Nunja, mein persönliches Lieblingsargument hier ist die Privatsphäre von Häusern. Ausserdem wird immer und immer wieder behauptet, dass Menschen erkennbar  und Autokennzeichen identifizierbar seien. Dann seien Menschen ja nicht nur aufgrund ihres Gesichts, sondern auch anhand von T-Shirts, Körperformen oder sonstigen Merkmalen erkennbar und somit beispielsweise der Ehemann beim Bordellbesuch ertappbar. Zusätzlich sei es eine Verletzung der Privatsphäre, dass die Bilder aus einer leicht höheren Lage als der genormten mitteleuropäischen Augenhöhe gemacht werden und somit ein Sichtschutz eventuell umgangen werden könnte. Dann könnten sich ja Scoringunternehmen wie die allseits beliebte Schufa ein Bild von der Nachbarschaft machen, um das dann positiv oder negativ auf Kredite auswirken zu lassen. Ach ja, fast hätte ich die Einbrecher und Terroristen vergessen, die so lohnenswerte Ziele ausmachen können, ohne Gefahr zu laufen, vor Ort beim Auskundschaften erwischt zu werden.

Schlimm, nichtwahr?

Uhm, nein, eher nicht.

  • Standardmäßig werden Menschen und Autokennzeichen automatisiert unscharf gemacht. Das kann zwar in Einzelfällen schiefgehen, ich verfolge Street View aber nun schon eine ganze Weile und habe noch kein einziges Mal ein Autokennzeichen lesen können, meist werden sogar die Schweinwerfer als Kennzeichen erkannt und unscharf gemacht. Auch identifizierbare Gesichter habe ich bisher keine gefunden und selbst wenn das mal der Fall sein sollte, gibt es nach wie vor direkt eine Möglichkeit, das entsprechende Bild Google zu melden, um es manuell nachbearbeiten oder gar entfernen zu lassen.
  • Menschen können durchaus auch identifizierbar sein, ohne dass man das Gesicht sieht. Bei Street View wird aber grundsätzlich nichts abgelichtet, was nicht auch der Nachbar, ein Verwandter oder Bekannter zufällig beim Vorbeifahren sehen könnte – mit dem Unterschied, dass wir bei Street View absolut von einer im Zweifelsfall jahrealten, wenn nicht irgendwann sogar mal jahrzehntealten Momentaufnahme reden, die zur Not bei einer zentralen Anlaufstelle gemeldet und gelöscht werden kann.
  • Auch die Über-Augenhöhe stimmt im Prinzip, aber wenn man das als Problematisch erachtet, sollte man eigentlich die Satellitenbilder von Google Maps, NASA World Wind, Bing Maps und zahlreichen anderen Anbietern nochmal um einiges problematischer finden, da hier ein Zaun-Sichtschutz ja quasi komplett umgangen wird.
  • Das Schufa-Argument. Auch absolut unbrauchbar, entsprechende Nachbarschaftsauswertungen liegen den Scoringunternehmen im Zweifelsfall schon länger vor, als es Google überhaupt gibt. Ja, das ist schon eher ein datenschutzrechtliches Problem, aber durchaus keines, woran Google irgendwie Schuld hat.
  • Das Argument mit den Bösewichtern ist in meinen Augen auch nicht viel substanzhaltiger, einerseits wieder weil es sich um eine Momentaufnahme handelt und andererseits weil ein Sicherheitssystem, das komplett von außen sichtbar ist, sein Geld eher nicht wert sein dürfte.

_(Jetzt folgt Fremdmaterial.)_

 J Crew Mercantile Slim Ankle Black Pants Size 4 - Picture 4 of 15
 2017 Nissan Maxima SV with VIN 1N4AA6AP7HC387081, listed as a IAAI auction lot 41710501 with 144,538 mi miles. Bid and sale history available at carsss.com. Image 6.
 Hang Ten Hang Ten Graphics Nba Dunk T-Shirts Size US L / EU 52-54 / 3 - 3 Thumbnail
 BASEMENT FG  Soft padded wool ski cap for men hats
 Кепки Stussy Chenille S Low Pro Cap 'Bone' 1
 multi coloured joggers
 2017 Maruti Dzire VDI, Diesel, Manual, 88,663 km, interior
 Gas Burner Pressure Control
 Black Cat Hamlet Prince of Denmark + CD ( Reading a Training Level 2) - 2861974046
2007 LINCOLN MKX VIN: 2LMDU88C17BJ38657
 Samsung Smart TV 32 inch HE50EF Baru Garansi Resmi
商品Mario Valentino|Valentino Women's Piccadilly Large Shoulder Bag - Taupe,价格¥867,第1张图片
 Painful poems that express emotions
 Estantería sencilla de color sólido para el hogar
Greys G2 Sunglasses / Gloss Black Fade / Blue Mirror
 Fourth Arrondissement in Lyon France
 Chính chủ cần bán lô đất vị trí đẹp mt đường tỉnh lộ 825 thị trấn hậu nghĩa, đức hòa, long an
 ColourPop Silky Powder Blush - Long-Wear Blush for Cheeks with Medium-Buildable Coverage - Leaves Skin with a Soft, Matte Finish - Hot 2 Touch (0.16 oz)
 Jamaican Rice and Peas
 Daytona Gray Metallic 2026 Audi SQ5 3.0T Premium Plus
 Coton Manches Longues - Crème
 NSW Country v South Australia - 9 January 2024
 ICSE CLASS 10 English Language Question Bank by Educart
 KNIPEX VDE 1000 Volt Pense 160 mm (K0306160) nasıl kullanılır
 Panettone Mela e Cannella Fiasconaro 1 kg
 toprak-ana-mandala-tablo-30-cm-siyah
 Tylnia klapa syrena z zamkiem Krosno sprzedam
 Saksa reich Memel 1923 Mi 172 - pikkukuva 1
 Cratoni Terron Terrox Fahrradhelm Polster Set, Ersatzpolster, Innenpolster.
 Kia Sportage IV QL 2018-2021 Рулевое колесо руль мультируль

Es gibt ja durchaus Argumente, die rein theoretisch irgendwie sinnvoll erscheinen können. Häuser und Autos von Menschen, die mit dem Internet nix zu tun haben, werden ungefragt “ins Internet” gestellt. Die dahinterliegende Annahme, dass ebendiese Menschen das aber nicht wollen, scheint mir aber zumindest aufgrund unrepräsentativer Umfragen in meiner Offline-Verwandschaft und -Bekanntschaft recht weit hergeholt, hier trifft man nach Erklärungen eher auf ein uninteressiertes Schulterzucken oder sogar Stolz, weil man ja nun mit der Zeit geht und auch “im Internet” ist.

Lange Rede, kurzer Sinn: Ich habe bisher kein einziges Argument gehört, das die höchst subjektive “Das will man”-Karte übertrumpft und ich persönlich freue mich drauf, virtuell durch Köln, Berlin oder auch Kernen wandern zu können, aber einstweilen werd ich halt mit Madrid, New York, Sydney, Florenz, London, Prag oder sonstigen eher uninteressanten Zielen auskommen müssen.